De repente tudo o que ele precisava era da noite. Respirar
o ar frio e escuro o acolhia de alguma forma que só ela. Resolveu abrir os
olhos. Olhou no relógio, passara das 3h, ainda era tempo. Pensou ainda por
várias vezes se levantava ou ficava. Se Virava para o lado ou para si mesmo.
Ergueu a primeira das cobertas. Usava duas, fazia
muito frio. Sentiu diminuir o peso sobre seu corpo. Sabia que dali a pouco
sentiria um leve gelar sobre sua pele. O tempo se esvaía, era preciso decidir.
Ir ou ficar? De um súbito atirou a segunda coberta para o outro lado da cama e
se sentou à sua beirada.
Com as mãos ao lado do corpo, apoiava-se na cama, a
cabeça baixa, como quem respira para tomar coragem. Respirou profunda mente.
Uma, duas, na terceira vez abriu os olhos de repente e levantou a cabeça.
Esfregou o rosto nas mãos, passando-as em seguida pelos cabelos, enquanto
tornava a fechar os olhos. Precisava de uma ducha.
Entrou no banheiro e fechou a porta rápido por causa
do frio. Ligou o chuveiro e se sentou sobre a tampa do vaso. Sempre aproveitava
a latrina para pensar, independente do motivo que o levava a ela.

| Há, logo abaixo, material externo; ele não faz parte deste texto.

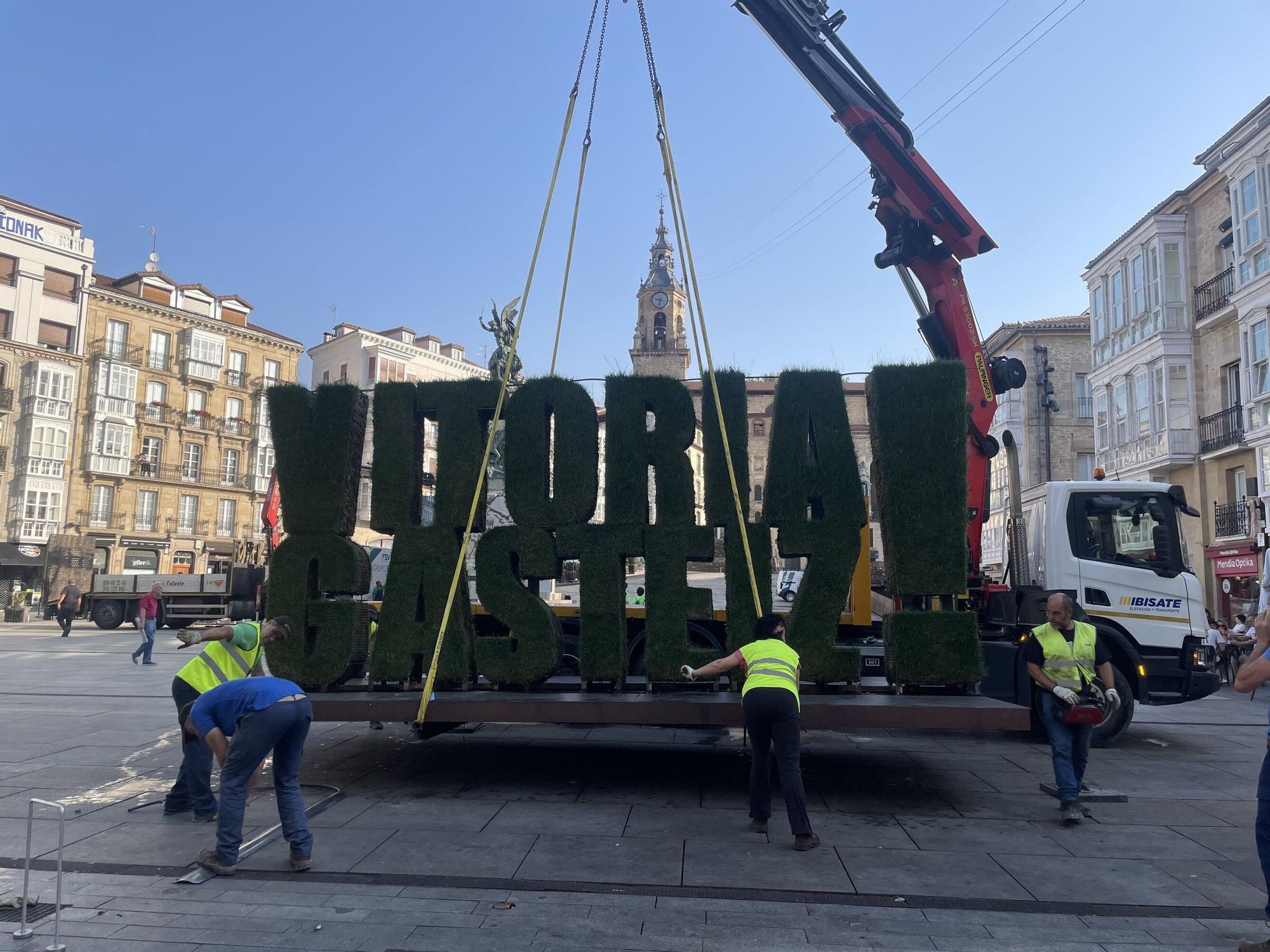 En imágenes: La Virgen Blanca recupera la estatua de musgo vegetal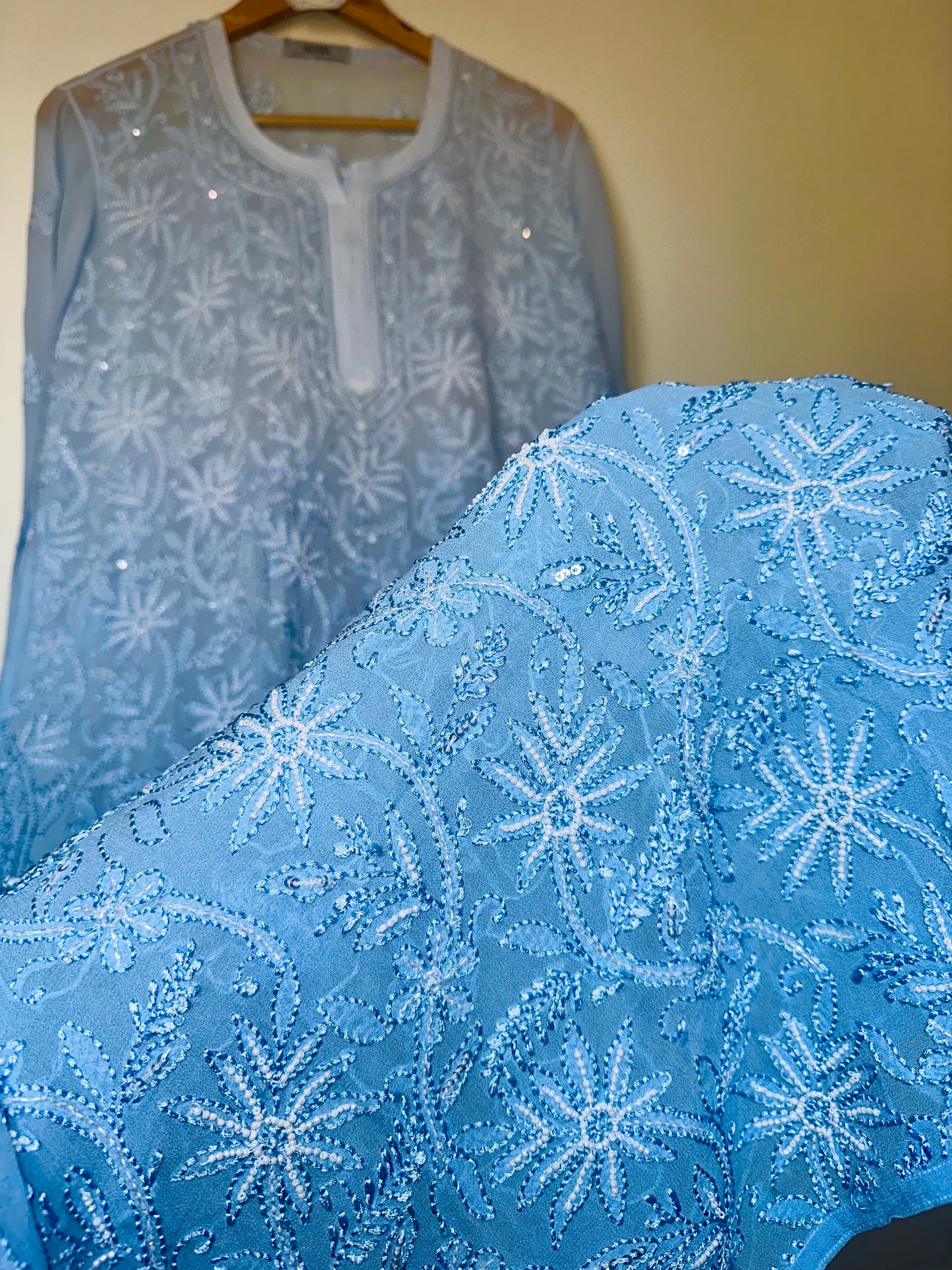 Viral Pearl & Cutdana Chikankari Suit Set - Ombré Blue
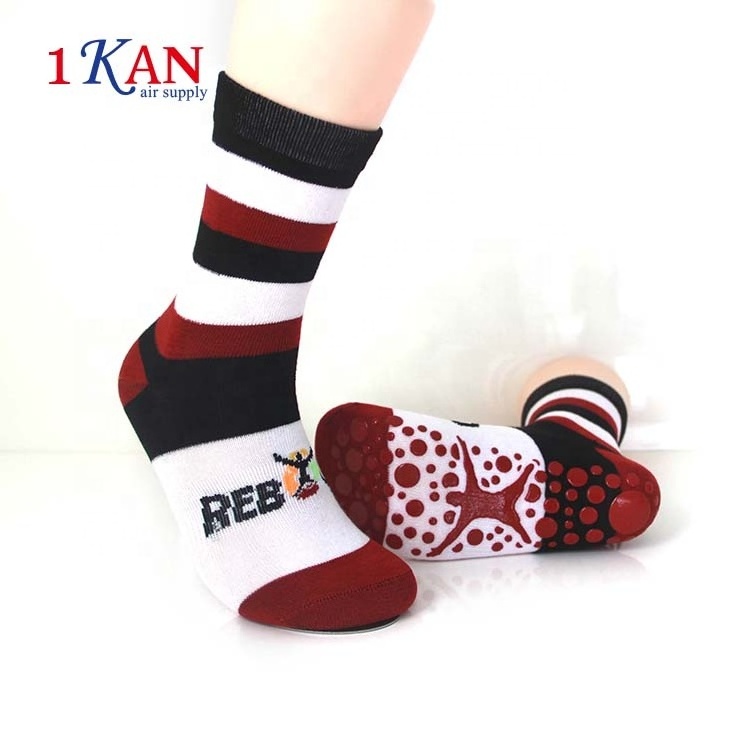 Anti-Bacterial Mid-calf soccer anti slip socks Jump zone sport stripe socks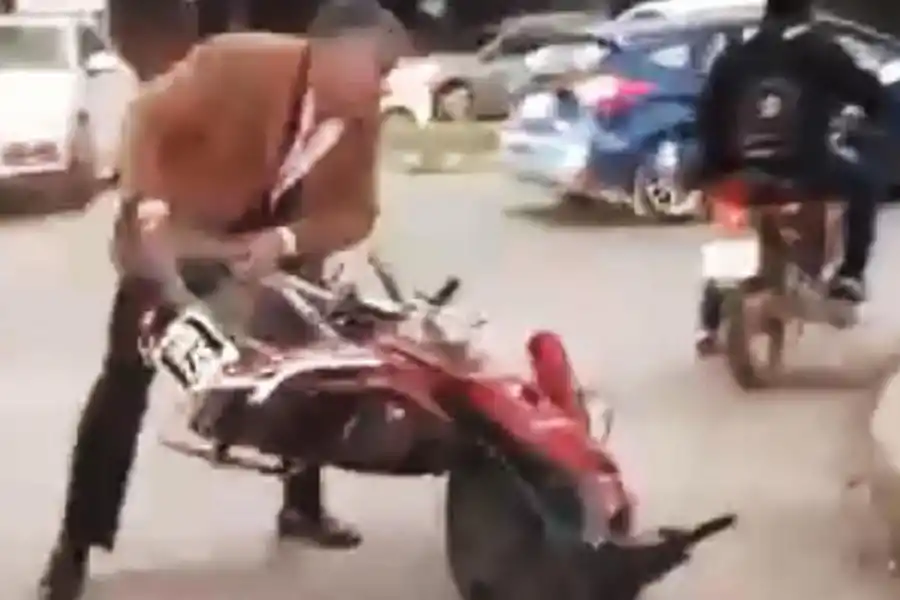 EL INCIDENTE VIAL. El episodio protagonizado por el ex juez Stoyanoff se hizo viral en las redes sociales. Captura de Video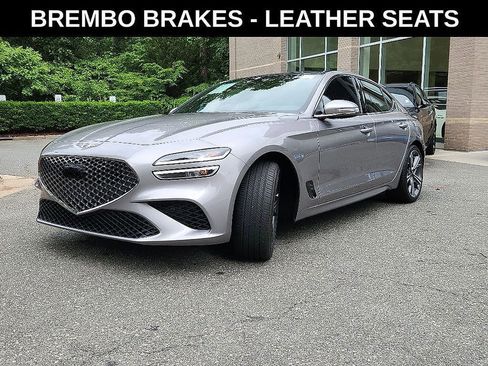 Used 2024 Genesis G70 2.5T w/ Sport Prestige Package RWD image 4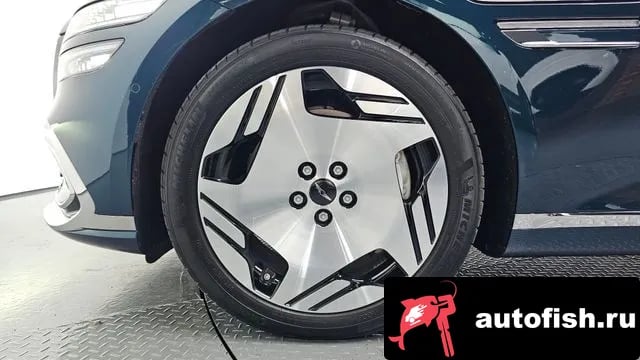 Genesis G80 Electrifide G80 (RG3) 2025 года - вид 4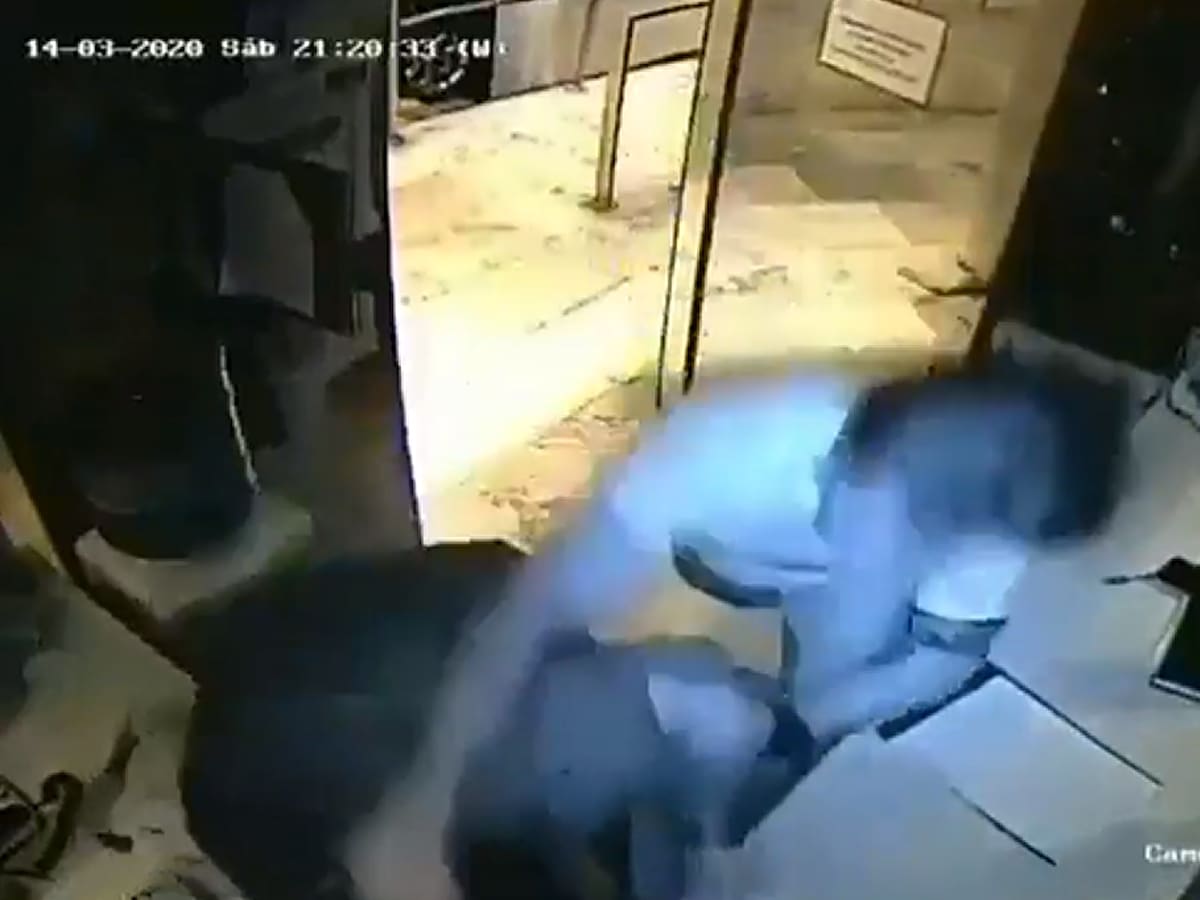 Argentina: Preparador físico le da paliza a guardia para violar cuarentena por coronavirus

Enquanto o vapor timidamente tomava conta do pequeno
ambiente fechado, a covardia de tirar a roupa enfraquecia lentamente. Temia o
frio. Temia encolher-se só. Aproveitou um repentino surto de parca coragem e retirou
a blusa, que escorreu por suas costas, pendurando-se no cano do vaso, logo
atrás. Sentiu a pele eriçar-se rapidamente. Teve medo. O frio sempre o lembrava
a sensação de medo. E como quem se protege do medo e do frio, levou as mãos aos
braços quase por reflexo, esfregou-os. O frio não passava. Quis colocar a blusa
de volta, mas o som das gotas golpeando o chão do Box o lembrava de seu
propósito ali. Devia ir à rua. Não sossegaria a cabeça sem mais uma dose de
noite.
Sorveu do frio toda sensação. Queria vivê-la. Sentir
apenas o frio, não só o medo.
Tirou a camiseta. Com o torso nu, apenas suas pernas
permaneciam de um modo ainda protegidas. Debatia o corpo magro numa tentativa
inconsciente de conter o frio. Tentava, por sua vez, suprimir os tremores.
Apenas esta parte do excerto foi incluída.